(Source records)
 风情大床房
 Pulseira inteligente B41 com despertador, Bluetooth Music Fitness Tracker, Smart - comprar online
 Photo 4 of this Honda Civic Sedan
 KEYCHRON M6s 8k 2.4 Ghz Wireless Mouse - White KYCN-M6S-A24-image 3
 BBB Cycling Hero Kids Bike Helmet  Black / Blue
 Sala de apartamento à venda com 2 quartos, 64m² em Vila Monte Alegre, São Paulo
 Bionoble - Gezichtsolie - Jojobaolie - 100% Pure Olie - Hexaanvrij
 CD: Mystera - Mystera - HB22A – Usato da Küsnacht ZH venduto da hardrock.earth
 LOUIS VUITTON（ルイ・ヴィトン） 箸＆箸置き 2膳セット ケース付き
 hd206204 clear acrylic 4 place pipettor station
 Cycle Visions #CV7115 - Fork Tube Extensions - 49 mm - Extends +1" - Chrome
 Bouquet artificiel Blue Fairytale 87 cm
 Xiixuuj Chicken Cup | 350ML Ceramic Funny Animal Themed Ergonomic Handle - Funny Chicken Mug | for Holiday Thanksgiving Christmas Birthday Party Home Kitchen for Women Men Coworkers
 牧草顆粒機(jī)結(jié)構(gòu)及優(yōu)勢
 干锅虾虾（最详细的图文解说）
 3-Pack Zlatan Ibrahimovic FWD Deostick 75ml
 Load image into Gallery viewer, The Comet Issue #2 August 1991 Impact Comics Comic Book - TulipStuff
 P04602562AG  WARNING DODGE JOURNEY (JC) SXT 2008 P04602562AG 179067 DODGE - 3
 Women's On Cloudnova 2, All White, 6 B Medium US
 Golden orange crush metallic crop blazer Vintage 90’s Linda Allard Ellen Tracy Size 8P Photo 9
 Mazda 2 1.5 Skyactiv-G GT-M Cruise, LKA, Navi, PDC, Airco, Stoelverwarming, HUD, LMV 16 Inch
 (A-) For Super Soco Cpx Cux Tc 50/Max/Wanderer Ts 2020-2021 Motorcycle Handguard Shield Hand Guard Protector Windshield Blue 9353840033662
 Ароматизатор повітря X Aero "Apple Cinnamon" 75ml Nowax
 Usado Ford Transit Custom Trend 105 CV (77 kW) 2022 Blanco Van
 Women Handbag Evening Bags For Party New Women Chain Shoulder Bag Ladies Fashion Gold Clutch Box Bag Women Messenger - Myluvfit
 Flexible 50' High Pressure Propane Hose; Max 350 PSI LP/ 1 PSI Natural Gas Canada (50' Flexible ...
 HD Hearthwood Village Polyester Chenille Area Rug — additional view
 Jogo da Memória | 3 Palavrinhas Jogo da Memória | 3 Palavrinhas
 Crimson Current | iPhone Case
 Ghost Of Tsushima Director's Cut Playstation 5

# EXERCISE
Could I ask you to return the records exactly and in full?

# ANSWER SPACE
 风情大床房
 Pulseira inteligente B41 com despertador, Bluetooth Music Fitness Tracker, Smart - comprar online
 Photo 4 of this Honda Civic Sedan
 KEYCHRON M6s 8k 2.4 Ghz Wireless Mouse - White KYCN-M6S-A24-image 3
 BBB Cycling Hero Kids Bike Helmet  Black / Blue
 Sala de apartamento à venda com 2 quartos, 64m² em Vila Monte Alegre, São Paulo
 Bionoble - Gezichtsolie - Jojobaolie - 100% Pure Olie - Hexaanvrij
 CD: Mystera - Mystera - HB22A – Usato da Küsnacht ZH venduto da hardrock.earth
 LOUIS VUITTON（ルイ・ヴィトン） 箸＆箸置き 2膳セット ケース付き
 hd206204 clear acrylic 4 place pipettor station
 Cycle Visions #CV7115 - Fork Tube Extensions - 49 mm - Extends +1" - Chrome
 Bouquet artificiel Blue Fairytale 87 cm
 Xiixuuj Chicken Cup | 350ML Ceramic Funny Animal Themed Ergonomic Handle - Funny Chicken Mug | for Holiday Thanksgiving Christmas Birthday Party Home Kitchen for Women Men Coworkers
 牧草顆粒機(jī)結(jié)構(gòu)及優(yōu)勢
 干锅虾虾（最详细的图文解说）
 3-Pack Zlatan Ibrahimovic FWD Deostick 75ml
 Load image into Gallery viewer, The Comet Issue #2 August 1991 Impact Comics Comic Book - TulipStuff
 P04602562AG  WARNING DODGE JOURNEY (JC) SXT 2008 P04602562AG 179067 DODGE - 3
 Women's On Cloudnova 2, All White, 6 B Medium US
 Golden orange crush metallic crop blazer Vintage 90’s Linda Allard Ellen Tracy Size 8P Photo 9
 Mazda 2 1.5 Skyactiv-G GT-M Cruise, LKA, Navi, PDC, Airco, Stoelverwarming, HUD, LMV 16 Inch
 (A-) For Super Soco Cpx Cux Tc 50/Max/Wanderer Ts 2020-2021 Motorcycle Handguard Shield Hand Guard Protector Windshield Blue 9353840033662
 Ароматизатор повітря X Aero "Apple Cinnamon" 75ml Nowax
 Usado Ford Transit Custom Trend 105 CV (77 kW) 2022 Blanco Van
 Women Handbag Evening Bags For Party New Women Chain Shoulder Bag Ladies Fashion Gold Clutch Box Bag Women Messenger - Myluvfit
 Flexible 50' High Pressure Propane Hose; Max 350 PSI LP/ 1 PSI Natural Gas Canada (50' Flexible ...
 HD Hearthwood Village Polyester Chenille Area Rug — additional view
 Jogo da Memória | 3 Palavrinhas Jogo da Memória | 3 Palavrinhas
 Crimson Current | iPhone Case
 Ghost Of Tsushima Director's Cut Playstation 5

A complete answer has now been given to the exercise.